Task instructions →
Starting at the line that contains "Simulateur Ultrason Joke capture d'écran 2", write out each line through the end of the data below, exactly as it stands. Skip any pictures.

Material for this exercise →
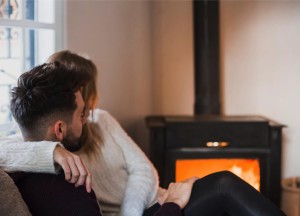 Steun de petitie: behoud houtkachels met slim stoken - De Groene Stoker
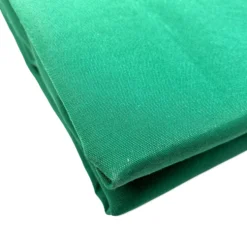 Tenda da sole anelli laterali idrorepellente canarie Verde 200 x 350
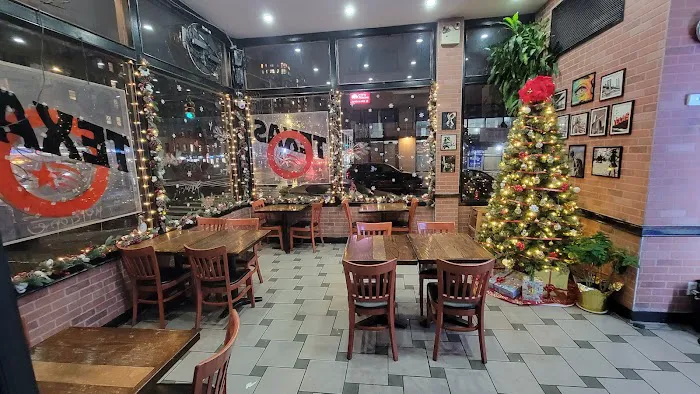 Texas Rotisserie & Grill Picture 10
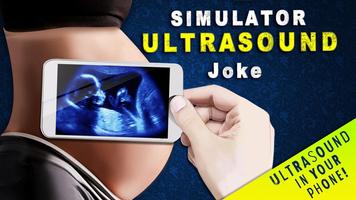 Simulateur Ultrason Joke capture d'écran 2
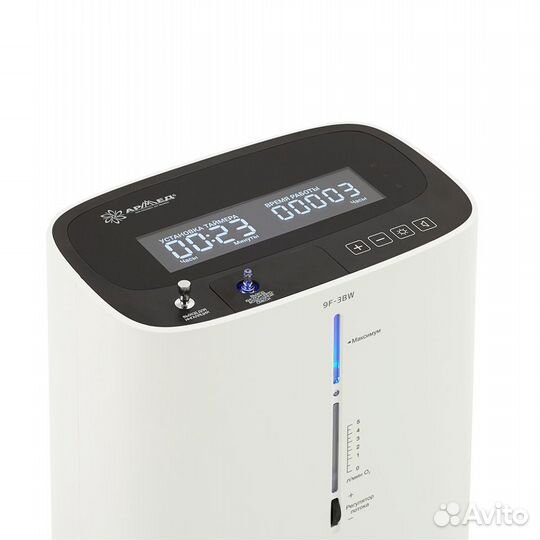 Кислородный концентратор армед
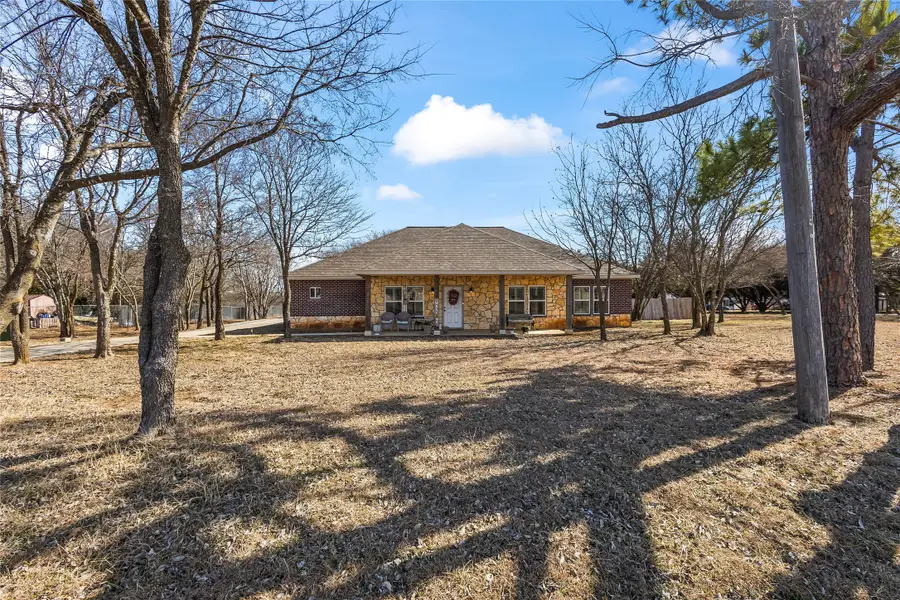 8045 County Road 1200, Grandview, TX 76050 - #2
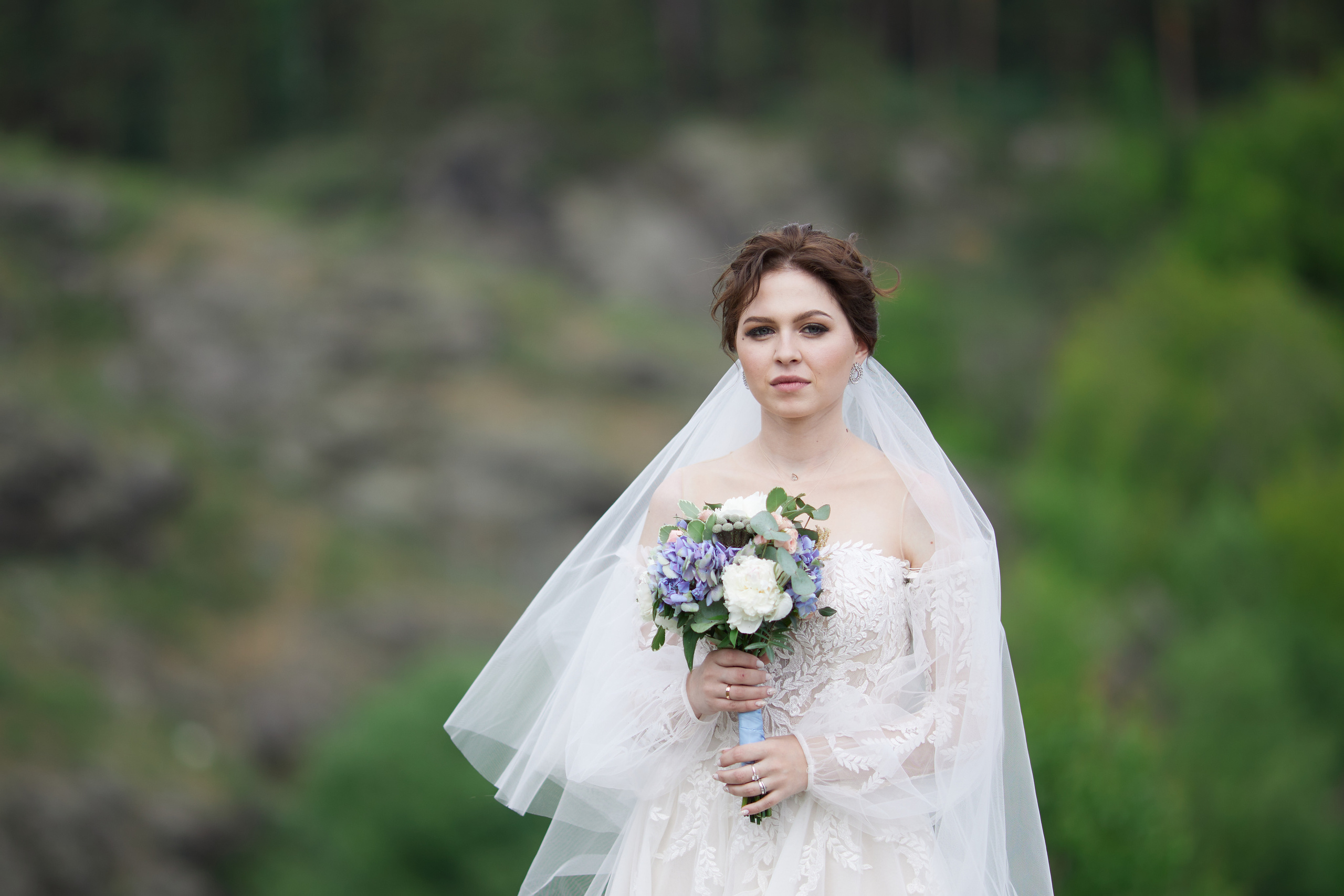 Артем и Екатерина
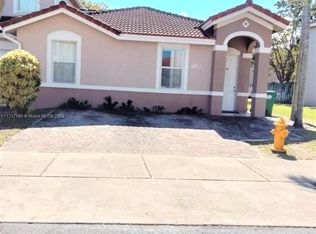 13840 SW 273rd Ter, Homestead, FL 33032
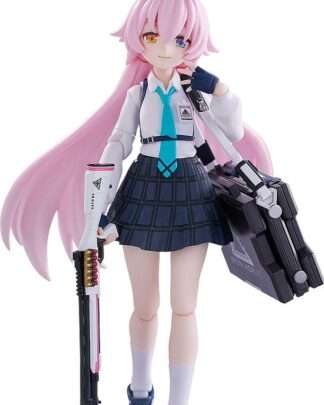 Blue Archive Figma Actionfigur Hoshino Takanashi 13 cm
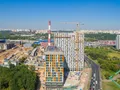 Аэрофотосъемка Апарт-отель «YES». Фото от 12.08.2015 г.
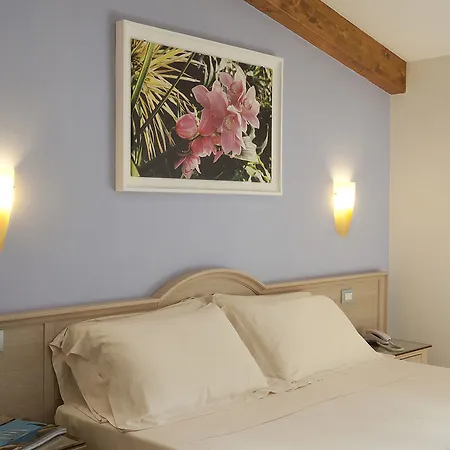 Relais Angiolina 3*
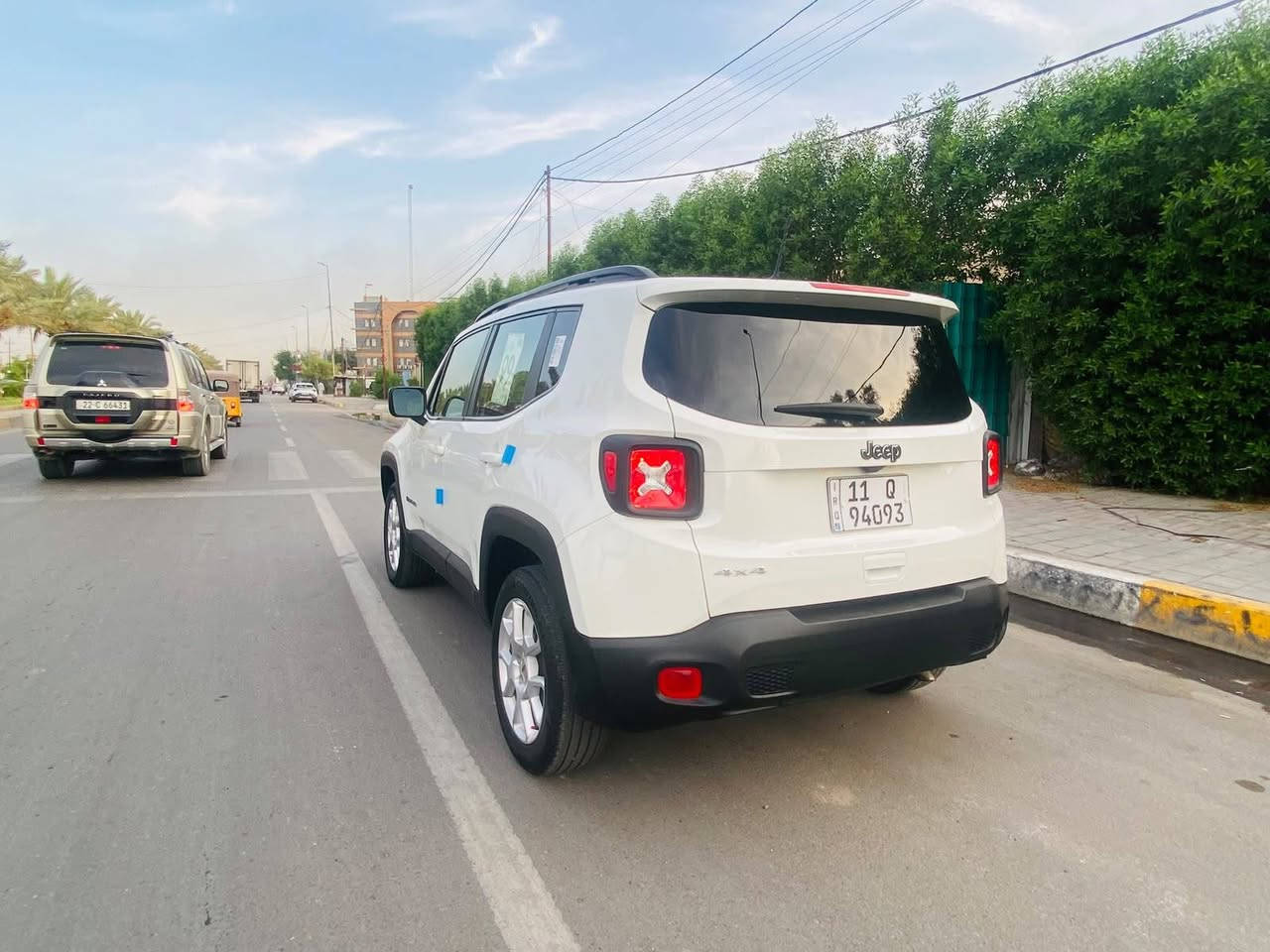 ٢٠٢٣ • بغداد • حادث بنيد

Completed exercise →
 Simulateur Ultrason Joke capture d'écran 2
 Кислородный концентратор армед
 8045 County Road 1200, Grandview, TX 76050 - #2
 Артем и Екатерина
 13840 SW 273rd Ter, Homestead, FL 33032
 Blue Archive Figma Actionfigur Hoshino Takanashi 13 cm
 Аэрофотосъемка Апарт-отель «YES». Фото от 12.08.2015 г.
 Relais Angiolina 3*
 ٢٠٢٣ • بغداد • حادث بنيد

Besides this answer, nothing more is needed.